Introduction
Random Forests are an extension of single Classification Trees in which multiple decision trees are built with random subsets of the data. All random subsets have the same number of data points, and are selected from the complete dataset. Used data is placed back in the full dataset and can be selected in subsequent trees. In Random Forests, the random subsets are selected in a procedure called ‘bagging’, in which each data point has an equal probability of being selected for each new random subset. About two thirds of the total dataset is included in each random subset. The other third of the data is not used to build the trees, and this part is called the ‘out-of-the-bag’ data. This part is later used to evaluate the model.
Advantages
- One of the most accurate learning algorithms available
- It can handle many predictor variables
- Provides estimates of the importance of different predictor variables
- Maintains accuracy even when a large proportion of the data is missing
Limitations
- Can overfit datasets that are particularly noisy
- For data including categorical predictor variables with different number of levels, random forests are biased in favor of those predictors with more levels. Therefore, the variable importance scores from random forest are not always reliable for this type of data
Assumptions
No formal distributional assumptions, random forests are non-parametric and can thus handle skewed and multi-modal data as well as categorical data that are ordinal or non-ordinal.
Requires absence data
Yes.
Configuration options
Biosecurity Commons allows the user to set model arguments as specified below.
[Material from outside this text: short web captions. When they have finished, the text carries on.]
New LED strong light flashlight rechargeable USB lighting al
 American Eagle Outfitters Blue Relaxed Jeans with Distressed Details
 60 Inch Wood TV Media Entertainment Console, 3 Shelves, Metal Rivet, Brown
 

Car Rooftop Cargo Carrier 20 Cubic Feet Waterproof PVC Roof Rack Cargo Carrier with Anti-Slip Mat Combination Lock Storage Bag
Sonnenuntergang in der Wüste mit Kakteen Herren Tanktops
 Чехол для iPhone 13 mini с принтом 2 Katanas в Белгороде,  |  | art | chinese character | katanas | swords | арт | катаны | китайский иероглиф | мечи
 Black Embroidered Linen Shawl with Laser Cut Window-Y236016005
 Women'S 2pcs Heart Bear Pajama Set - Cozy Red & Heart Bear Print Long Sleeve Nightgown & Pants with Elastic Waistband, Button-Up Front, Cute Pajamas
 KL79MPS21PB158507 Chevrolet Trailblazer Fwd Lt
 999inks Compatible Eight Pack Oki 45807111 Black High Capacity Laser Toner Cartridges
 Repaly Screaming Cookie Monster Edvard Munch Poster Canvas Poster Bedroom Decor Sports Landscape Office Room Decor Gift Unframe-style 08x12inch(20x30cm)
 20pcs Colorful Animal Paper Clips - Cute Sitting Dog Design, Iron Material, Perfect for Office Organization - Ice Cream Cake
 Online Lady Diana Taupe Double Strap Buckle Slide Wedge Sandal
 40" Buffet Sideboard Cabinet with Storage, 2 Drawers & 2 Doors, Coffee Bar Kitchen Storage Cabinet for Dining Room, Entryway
Argument | Default value | Argument description |
Random seed | NULL | Seed used for generating random values. Using the same seed value, i.e. 123, ensures that running the same model, with the same data and settings generates the same result, despite stochastic processes such as machine learning or cross-validation. |
Number of repetitions (nb_run_eval) | 10 | Integer value, corresponding to the number of repetitions to be done for calibration/validation splitting. |
Data split percentage (data_split) | 100 | Numeric value between 0 and 100, corresponding to the percentage of data used to calibrate the models (calibration/validation splitting). |
Weighted response weights (Prevalence)
| NULL
| Allows the user to give more or less weight to particular observations. Each observation (presence or absence) has the same weight. If value <; 0.5: absences are given more weight; if value >; 0.5: presences are given more weight. |
Variable importance (var_import) | 0 | Integer value, corresponding to the number of permutations to be done for each variable to estimate variable importance. |
Scale models (rescale_all_models) | FALSE | A logical value defining whether all models predictions should be scaled with a binomial GLM or not. |
Evaluate all models (do_full_models) | TRUE | A logical value defining whether models calibrated and evaluated over the whole dataset should be computed or not. |
Do classification (do.classif) | TRUE | If TRUE, classification random.forest computed else regression random.forest will be done. |
Number of trees (ntree) | 500 | Total number of trees to grow. |
Select variables (mtry) | 'default'
| Number of variables randomly sampled as candidates at each split. Note that the default values are different for classification (sqrt(p) where p is number of variables in x) and regression (p/3). |
Minimum node size (nodesize) | 1 | The minimum size of terminal nodes. Setting this number larger causes smaller trees to be grown (and thus take less time). |
Maximum node size (maxnodes) | NULL | The maximum number of terminal nodes trees in the forest can have. If not given, trees are grown to the maximum possible (subject to limits by nodesize). If set larger than the maximum possible, a warning is issued. |
References
- Breiman, L. (2001). Random Forests. Machine Learning, 45(1), 5–32.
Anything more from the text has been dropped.